BBC Future has brought you in-depth and rigorous stories to help you navigate the current pandemic, but we know that’s not all you want to read. So now we’re dedicating a series to help you escape. We’ll be revisiting our most popular features from the last three years in our Lockdown Longreads.
You’ll find everything from the story about the world’s greatest space mission to the truth about whether our cats really love us, the epic hunt to bring illegal fishermen to justice and the small team which brings long-buried World War Two tanks back to life. What you won’t find is any reference to, well, you-know-what. Enjoy.
With a theatrical flourish, a sombre, leather-bound document is placed in front of you. Inside, the pages bear a tight italicised script and your eyes are drawn to a couple of items that are embellished with flamboyant descriptions. Then you turn to the waiter and order.
Hopefully a delicious meal is now on its way, but what led you to choose the food you did? Was it simply because you liked the sound of the steak dish you picked or did something else influence your decision?
You may not realise it, but the menu probably played a far greater role than you’d credit. Far from being glorified pricelists, restaurant menus are sophisticated marketing tools that can nudge customers towards certain choices. Restaurant menus can even tell us what to think.
“Even the binding around the menu is passing us important messages about the kind of experience we are about to have,” explains Charles Spence, a professor in experimental psychology and multisensory perception at the University of Oxford. “There are a lot of elements on a menu that can be changed to nudge the customer in one way or another.”
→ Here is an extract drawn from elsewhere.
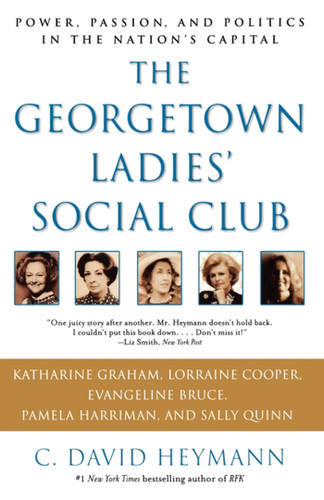 The Georgetown Ladies' Social Club: Power, Passion, and Politics in the Nation's Capital book cover by C. David Heymann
Even simple tweaks to the order of items on the menu or the typeface used can have a significant impact on people’s choices. There is now an entire industry known as “menu engineering”, dedicated to designing menus that convey certain messages to customers, encouraging them to spend more and make them want to come back for a second helping.
“For a large chain that might have a million people a day coming into their restaurants around the world, it can take up to 18 months to put out a menu as we test everything on it three times,” says Gregg Rapp, a menu engineer based in Palm Springs, California, who has worked on menus for small neighbourhood cafes and multinational giants during his 34-year-long career. “Customers only spend a few minutes looking at the menu, so we want them to use this time efficiently. If they can find an item they want quickly, then they can spend the extra time looking at other items they might order.”